Über 50 Jahre nach ihrem Erscheinen ist Karajans Edition von 1963 noch immer der meistverkaufte Beethoven-Zyklus aller Zeiten. Grund genug, ihn neu aufzulegen und vor dem Hintergrund des 120-jährigen Bestehens der Deutschen Grammophon mit einem noblen Extra zu versehen. Zu diesem Zweck hat das Gelblabel den für seine Arbeit mit Kassettenbändern und Vinyl bekannten Künstler Gregor Hildebrandt damit beauftragt, im Stile einer künstlerischen Intervention, die sich von dem Artwork des Originals inspirieren lässt, ein neues Design der Edition zu entwerfen.
Hildebrandt, seit 2015 Professor für Malerei und Grafik an der Akademie der Bildenden Künste München, hat die Herausforderung angenommen und ein ebenso gediegenes wie visionäres Design entworfen, das den Geist des Originals kongenial in sich aufnimmt. Um die Oberfläche der Box zu gestalten, klebte der Künstler zunächst Streifen von Kassettentonbändern auf eine Leinwand. Mit dieser Vorlage erarbeitete er die schwarze Leinen-Box, in der die 8 LPs aufbewahrt sind.
Von der Oberfläche geht ein doppelter Glanz aus. Einerseits scheint sie von sehr weit her zu kommen. Andererseits weist sie durch das elektrisierend modern anmutende Design entschieden in die Zukunft. Dieser Eindruck entsteht auch bei dem Beiheft von 1963, das Hildebrandt mit einen neuen Cover ausgestattet hat und in das er ebenfalls unter Verwendung von Kassettentonbändern intervenierte.
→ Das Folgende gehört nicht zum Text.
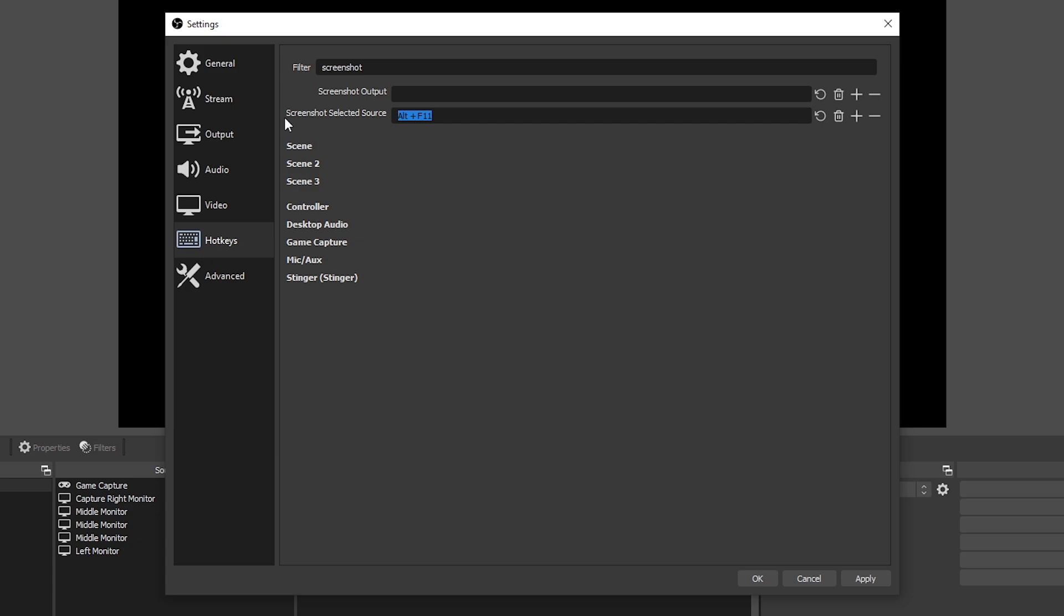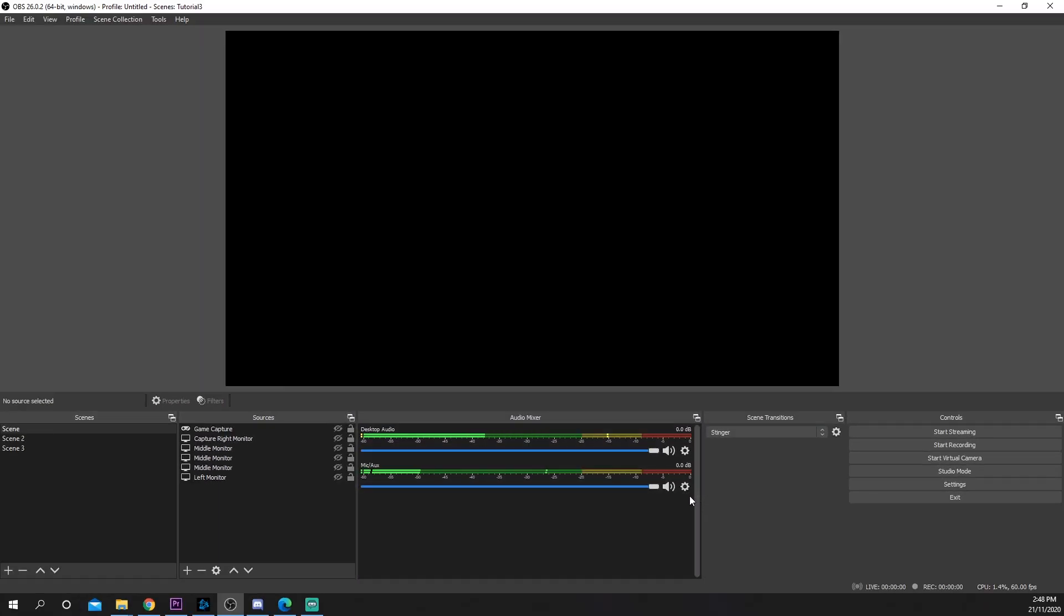Click the blank box. Enter your hotkey or keyboard shortcut that you want to use for taking a screenshot. Apply, then press OK.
Ferner schuf der Künstler mit dem besagten Material für jede Sinfonie ein eigenes Leporello, das die besondere Stimmung der jeweiligen Komposition visuell einzufangen sucht.
Hildebrandts ungewöhnliche Art-Edition erscheint jetzt in zwei Auflagen: als Super Deluxe Edition, limitiert auf 120 Exemplare, und als Deluxe Edition, limitiert auf 1200 Exemplare. Beide Versionen sind durchnummeriert. In der Super Deluxe Edition ist zudem jedes Set vom Künstler handsigniert. Darüber hinaus enthält jedes Exemplar der Super Deluxe Edition ein Original-Kunstwerk von Gregor Hildebrandt. Der Künstler hat im Rückgriff auf eine Fotografie von Siegfried Lauterwasser Kunstdrucke von Karajan-Portraits erstellt und sie mit Kassettentonbändern bearbeitet.
In der Deluxe Edition sind die Kunstdrucke als Faksimile enthalten. Als besonders nobler Zusatz darf die Gravur auf der letzten Platte gelten. Auf der Auslaufrille liest man die ergreifenden Worte “wo dein sanfter flügel weilt” aus Schillers “Ode an die Freude”. Für beide Auflagen gilt, dass die klassisch auf 180 g Vinyl gepressten Platten von den Originaltapes überspielt worden sind, wodurch ein hohes audiophiles Niveau garantiert ist.
Beiden Auflagen liegt ferner ein Code bei, der zum Download des gesamten musikalischen Materials in Form von mp3-Dateien und im hochauflösenden Audioformat 24bit/96kH berechtigt. Last but not least sei der fesselnde Essay des großen Musikschriftstellers Richard Osborne erwähnt, der den Ausgaben beiliegt: tiefsinnige Betrachtungen, die zu neuem Nachdenken über Herbert von Karajan anregen.